Но доктор начал так возбужденно говорить, так уверенно писать ряды химических формул на коричневых тюремных салфетках, что недоверие растаяло, и все, ничего не понимая, завороженно слушали.
— Вот видите, че они с нашим братом делают! — с горечью произнес пожилой негр с изъеденным оспой лицом. — Изобрели свой СПИД нам на погибель, а этого вот — цап и за решетку, чтоб ихний секрет не раскрылся. Проклятое правительство!
Сартори продолжал. Несколько раз я ловил его взгляд, и в нем дрожала чуть заметная усмешка. Я ничего не сказал.
Надзиратель прокричал «отбой». Слушатели, ворча и сокрушенно покачивая головами, стали расходиться. Я задержался и сказал, неуверенно вспоминая школьные уроки химии:
— А разве не…
— Вы знаете, мой метод еще не проверенный, еще экспериментальный, — перебил доктор Сартори. — Я как раз готовлюсь послать доклад на эту тему. Меня пригласили на конференцию в Нижний Новгород, но мне теперь туда уже не попасть.
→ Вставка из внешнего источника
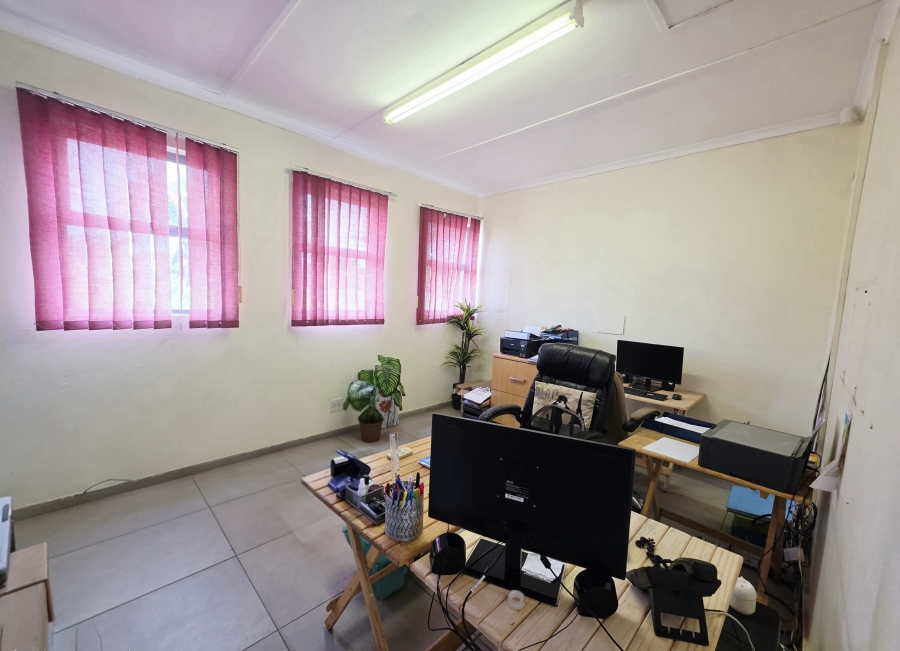 To Let Commercial Property for Rent in Alton KwaZulu-Natal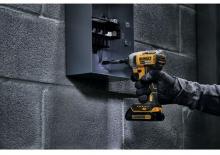 Vezetéknélküli ütvecsavarozók és csavarkulcsok DEWALT DCF787C2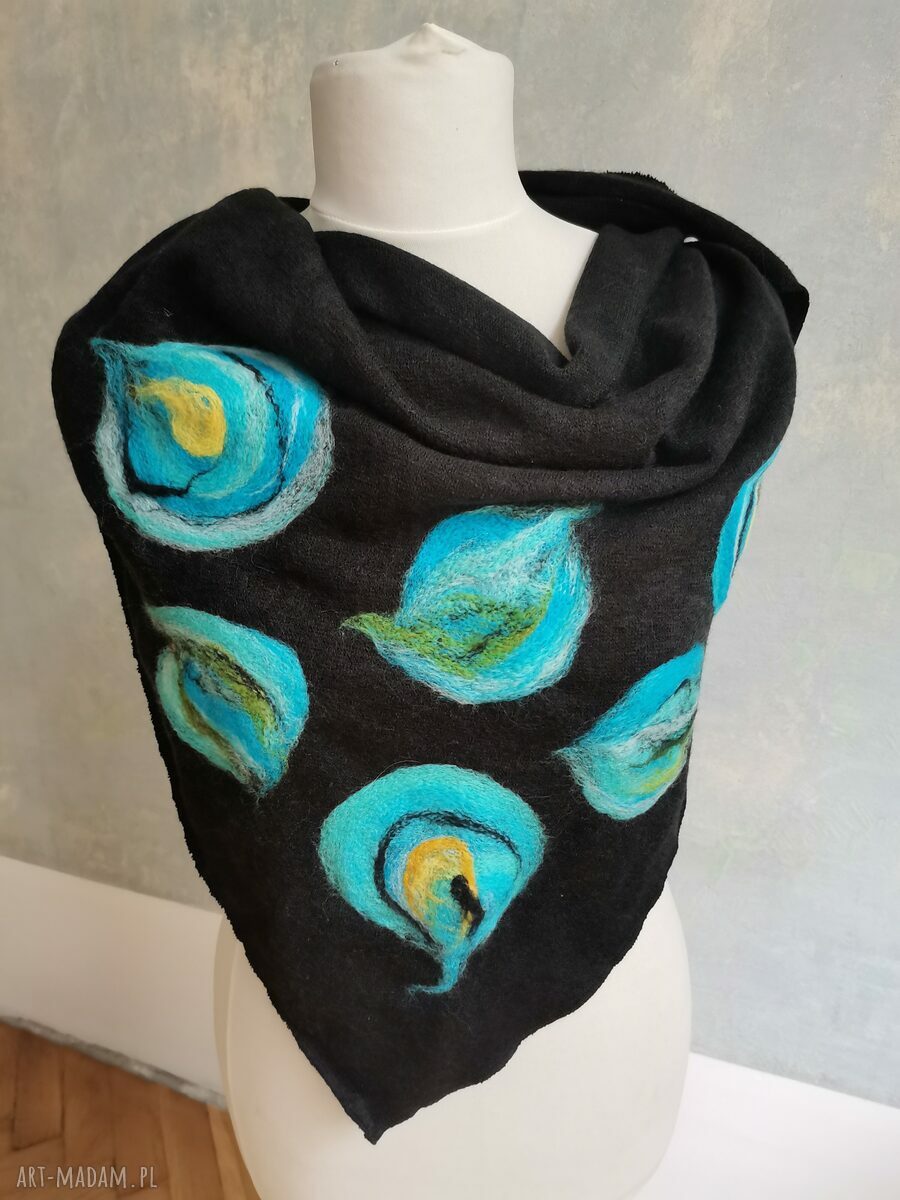 Czarna chusta etno handmade z frędzlami - wełna merynosów 120x185
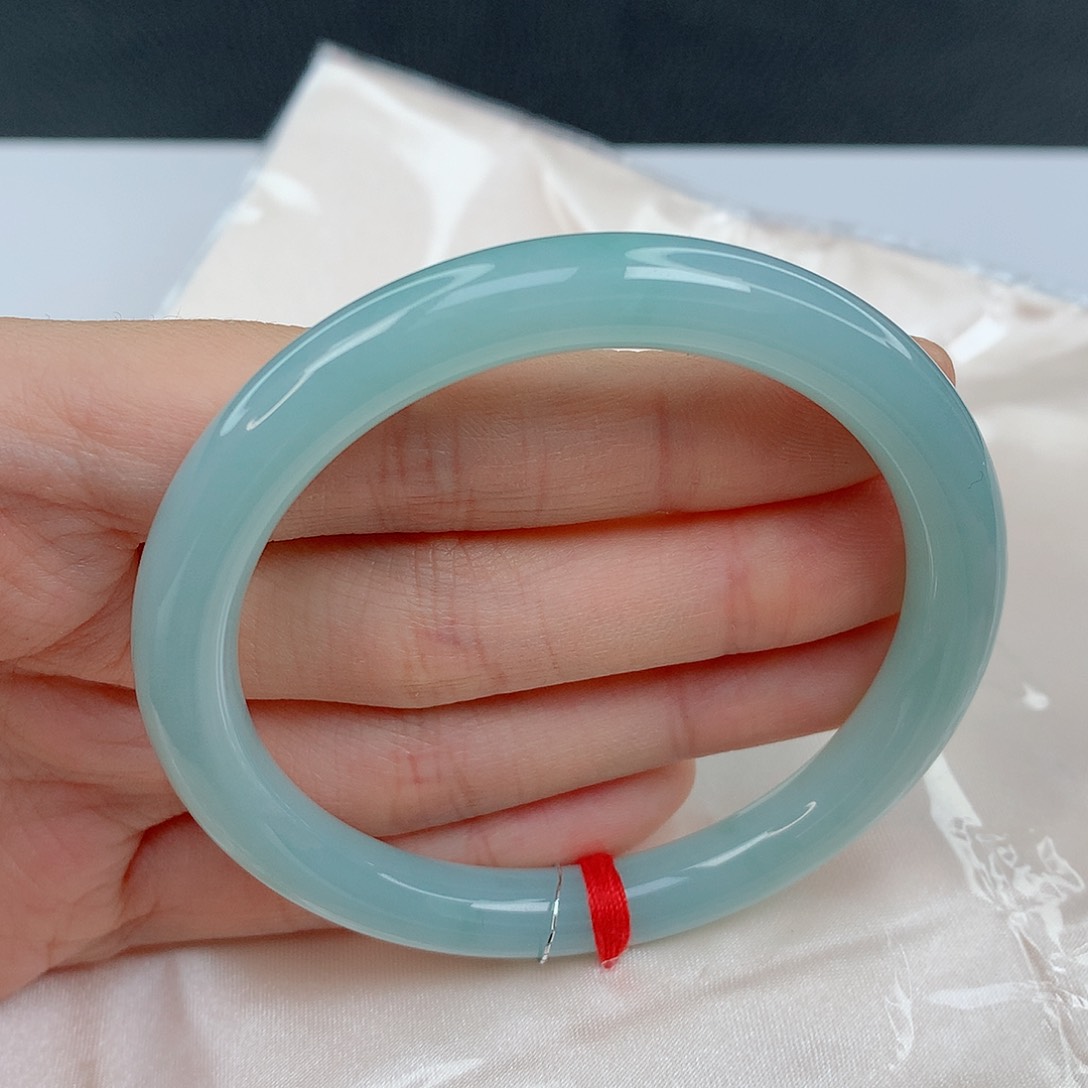 翡翠手镯未镶嵌55.5美人条满蓝调细腻完整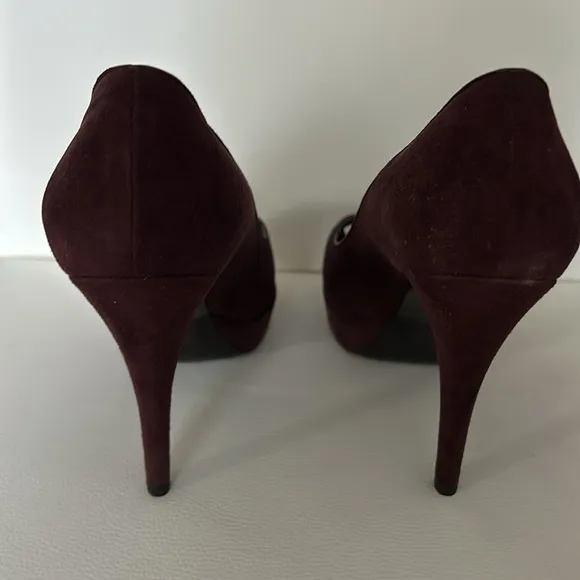 Louis Vuitton Chelsea Open Toe pump vintage
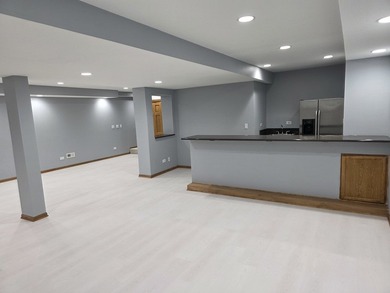 Take the keys and move right into this stunning, turn-key - photo 48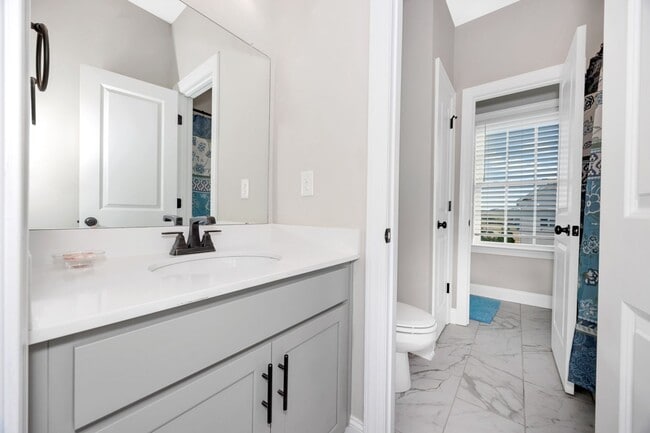 Building Photo - Fully Furnished 3 Bedroom Home Near Toyota Field & Redstone Arsenal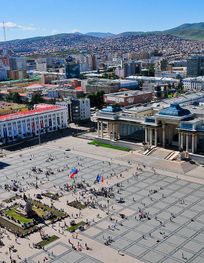 File:Chinggis Square.jpg - Wikimedia ...
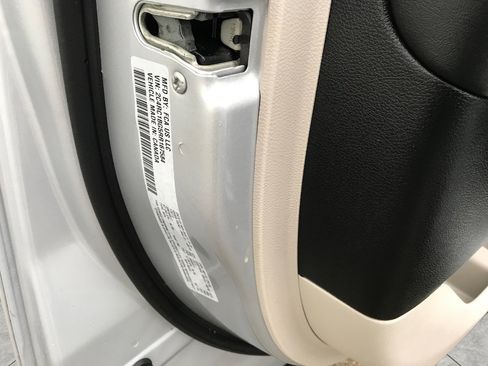 Used 2024 Chrysler Pacifica Touring-L image 35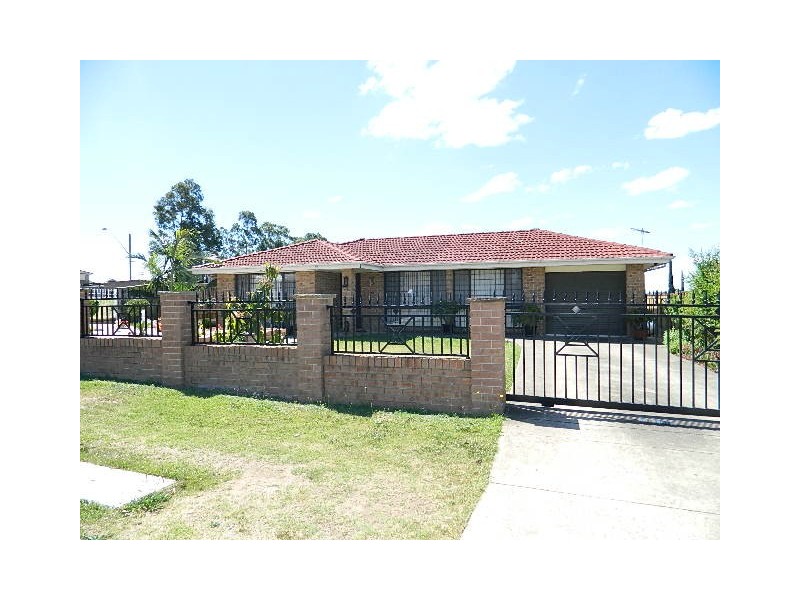 Edensor Park NSW 2176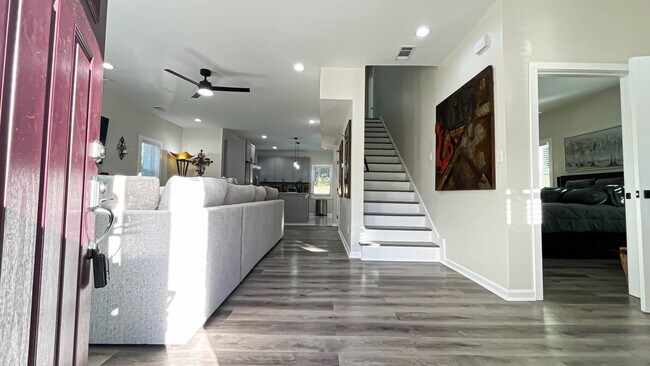 Building Photo - 2813 Mead Rd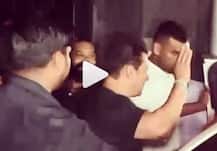 Video: सलमान की झलक पाने के लिए बेकाबू हुए फैंस, आयुष्मान को धक्का दे चिल्लाने लगे भाई-भाई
Я говорю на шести языках, по мой русский, к сожалению… — И он потянул мне огромный том, оказавшийся англо-русским медицинским словарем. — Вы не могли бы мне помочь?
Я согласился и проводил его до камеры. Перед самой дверью он замялся, словно собираясь что-то добавить, но, так и не решившись, шагнул в темноту. В эту минуту все осветилось резким мертвенным светом, как будто подожгли магний. Снаружи загрохотало: началась долгожданная гроза. При вспышках молний тени оконных решеток падали на стены, как нотные строки.
Утро, мокрое и холодное, было прекрасно. В пустой «комнате отдыха» Сартори стоял, прижавшись к решетке лбом.
— Это вы? — он поднял рассеянный взгляд. — Как вам спалось?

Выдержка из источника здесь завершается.